Before Clark could react, Lex unexpectedly stepped in, his voice cold. "Considering whose human genes you have, that's a stupid statement. You won't find anybody more human than Clark, whether they're earthling or alien." Lex walked around so he could look at Conner. "And as for 'getting' the dilemma that every human-service provider has, walk in their shoes first. Nurse, social worker, fireman, policeman, EMT, or superhero."

Conner didn't back down. "I **am** a superhero!"

Lex tilted his head to one side. "Really. Then you've done what Superman did at the start of his career? You've spent forty-eight hours responding to each and every thing you can see? Flying from one emergency to the next? Going from the assault to the fire to the rape to the car crash? So fast that all that can be seen is a blur from scene to scene. Not stopping for anything that wasn't an emergency. Ignoring all calls from family and friends and heading only to the next victim. Preventing everything that could possibly be prevented in one large city. Dumping so many victims of crimes not prevented in time into hospitals that emergency rooms had to call in extra staff. Crying at bodies and moving on. Not stopping to accept any thanks from those saved or the emergency personnel assisting.

"And when those forty-eight hours were up and the signal pierces through your bones to tell you those hours were done, did you go on despite it? So focused on rescuing that nothing else mattered at all. Rest, sleep, cleanliness, anything… And when your body, as alien and super as it is, when your body couldn't hold up anymore, did you stop in a hospital and watch as those you tried to save died anyhow? Turning away from those who thanked you for trying?

"Have you spent a day doing nothing but crying in your mother… your parent's arms for all that you could not do?" Lex shook his head. "Until you have done that, I don't think you can say you know all there is to superheroing."

Conner closed his open mouth, swallowing loudly. He hesitantly turned from Lex to Clark again. "Dad?"

Clark couldn't meet Conner's eyes. It was too painful. He walked from the dining room out to the living room and rested his head against the glass window. There were days when he still wanted to do that. To just go out and rescue. There were so many people who needed him, who called out to him. Metropolis was one city full of need, and beyond Metropolis, there was a state, and a country, and a world. There were so many people out there that could be saved.

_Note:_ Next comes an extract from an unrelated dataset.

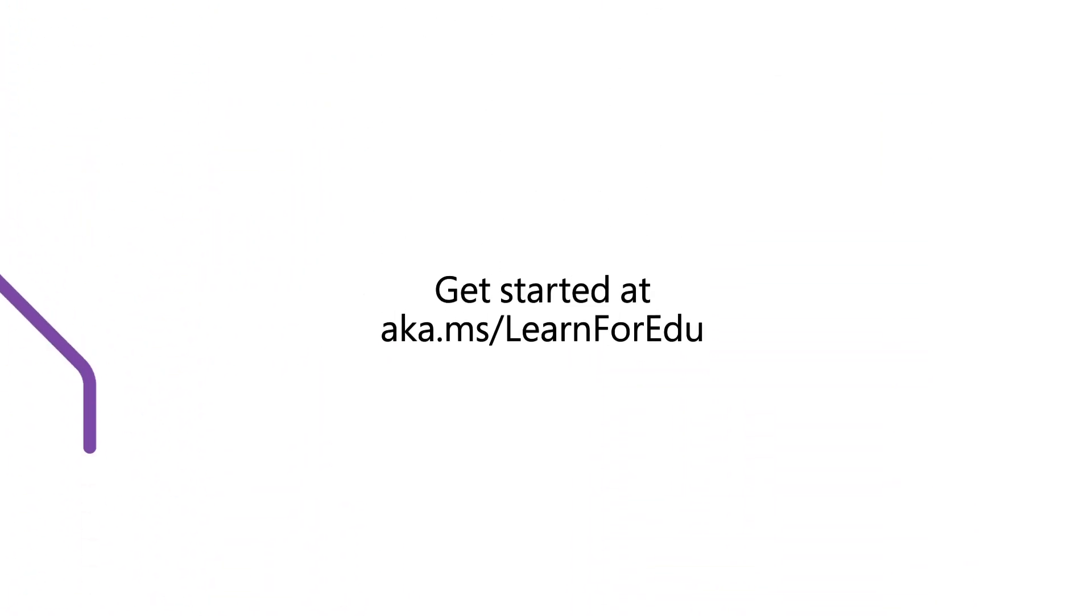Start building a path on Microsoft Learn.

"Dad, I'm sorry." Conner's hand touched Clark's arm hesitantly. "I shouldn't have said that. I didn't… I was angry, I didn't think."

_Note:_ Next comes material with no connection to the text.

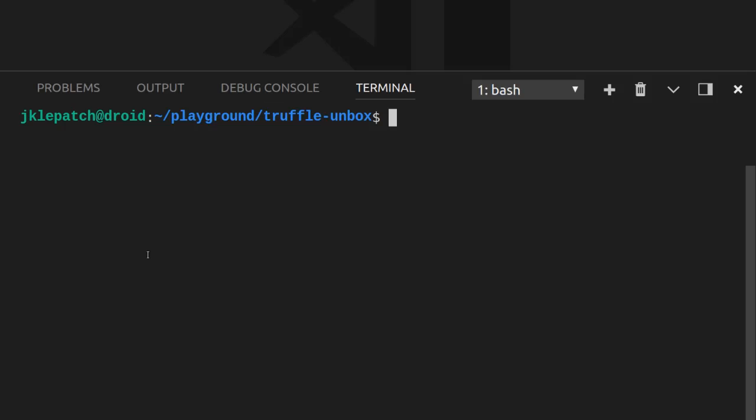Think of it as a sort of yeoman for your distributed application. So first, open a terminal, create a project folder, and we're going to execute the Truffle Init command, and we're going to look in detail what it actually does.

"It's alright," Clark whispered. "I want to save them, too." He turned to Conner and gathered his son into his arms, seeking comfort and trying to give it.

They held each other for a moment, but Conner broke off the embrace before Clark was ready to let go.

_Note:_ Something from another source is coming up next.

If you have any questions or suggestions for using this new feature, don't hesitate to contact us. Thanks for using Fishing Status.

"I, uh, I'm going to..." Conner gestured down the hallway and then went that way.

Lex shook his head, the coldness still in his eyes.

Clark sighed. "Give him the moment, Lex. He needs to be alone for a bit. He's fourteen and he's been through a lot. He just wants to save the world. It's hard to be told you can't."

"Something you know well." Lex's voice was remote. It should have been warm, with everything that he'd just defended Clark with, but it wasn't. Lex's voice was cold and distant, granite where there should have been water.

Clark looked at Lex, at the older, harder Lex before him. So similar yet so different from his friend of youth. Clark took a step forward, wishing he could reach out to Lex. "I couldn't save you..." he whispered.

Lex clamped his jaw tightly and a muscle in the side of his face twitched. "Did you even try?" he asked.

A kryptonite knife through the heart would have hurt less. Even more so because Clark knew he deserved it. "I made mistakes. If I could change things... if I had the power of time travel, I would go back. There are so many things..." Clark involuntarily took another step towards Lex, pulled towards him. "I should have told you."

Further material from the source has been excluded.